Hmm..maybe I could just, try email some artists and hope for the best...maybe someone know who were living in that era and knew the tracks better. I mean...us musicians think alike and share the same interest and passion.
Hehe funny story...listened a LOT to classical music when I was a kid, always borrowing my dads headphones, plugged them in to the BO system and from 4-5 years old, really could manage a vinyl player. Put the LP rec on, gentle with the needle, baymn. Loved Mahler, Bach, Beethoven and Sjostakovic...think Jauchzet frohlocket struck me most, then like, 15 years later I was like..damn what was the name of that track...went to a christmas concert, heard it live and was like OMG...it's THIS! THis is it!!! :D
Another story: heard a track when I was working at Kleerup's (musician and dj) releaseparty in the bar, knew his much younger step brother, heard a track with a nice groove..old track..had a bad recording of it saved on my Ericsson phone..really bad rec, sent it to my computer, played it in Shazam..no hit. Til that day, when I tried recording it in Garageband, played it on Shazam and BAM. Found it:
Paul McCartney - 1985, damn, that groove. What a song.

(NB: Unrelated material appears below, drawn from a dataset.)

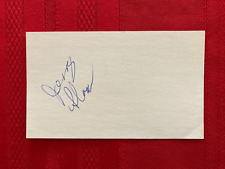 Jerry Sloan signed 3x5 index card / Auto / Dec / NBA / Bulls / Jazz / HOF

haha end of story, well the search continues, by Friday I think I will have somehow a version of it..melody once again:
§*|*|: f# g *A. *| b c# d c# *F#. *|


----------



## procreative (Dec 8, 2016)

You sure its an actual band and not some composer asked to knock something up "in the style of"?


----------



## Draven (Mar 8, 2017)

Not sure if it's what you're looking for, but I remember a song in the late 90s called Lord of the Boards by a band called Guano Apes. Definitely a Punk sound.


----------